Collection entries
──────

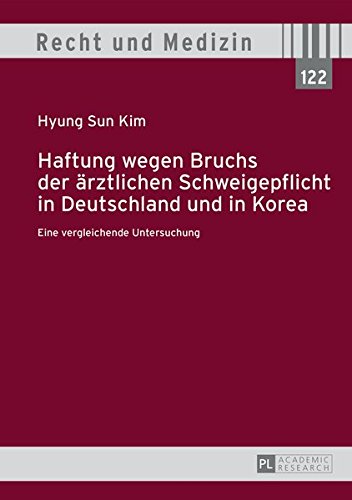 Haftung wegen Bruchs der ärztlichen Schweigepflicht in Deutschland und in Korea: Eine vergleichende Untersuchung (Recht und Medizin)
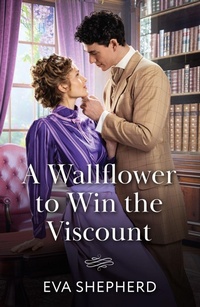 Enlarge image Cover: A Wallflower To Win The Viscount - Mills & Boon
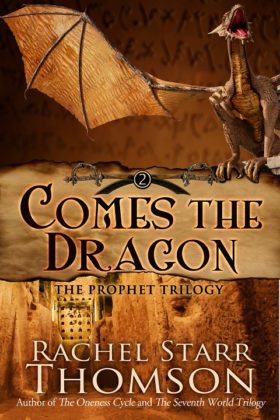 Comes the Dragon by Rachel Starr Thomson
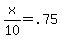 x%2F10+=+.75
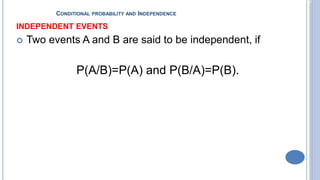 2-17
CONDITIONAL PROBABILITY AND INDEPENDENCE
INDEPENDENT EVENTS
 Two events A and B are said to be independent, if
P(A/B)=P(A) and P(B/A)=P(B).
 
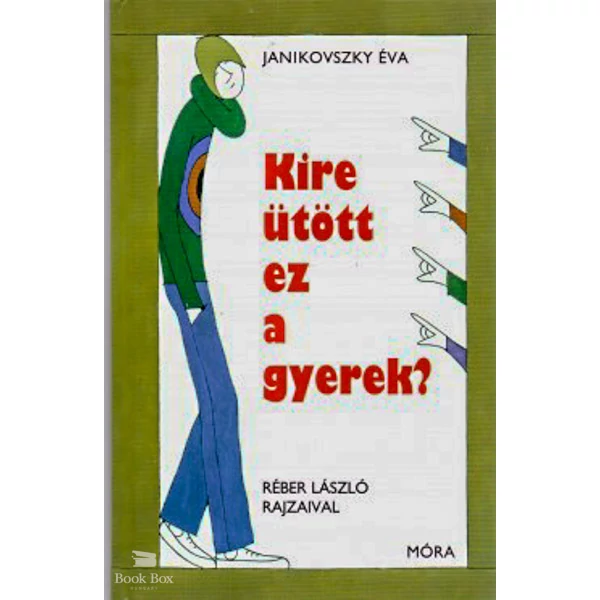Kire ütött ez a gyerek?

──────

◆ Task item
Every line from the one holding "INDEPENDENT EVENTS" through the end of the records above must be reproduced verbatim, pictures excepted.

◆ Task solution
INDEPENDENT EVENTS
 Two events A and B are said to be independent, if
P(A/B)=P(A) and P(B/A)=P(B).
 
Kire ütött ez a gyerek?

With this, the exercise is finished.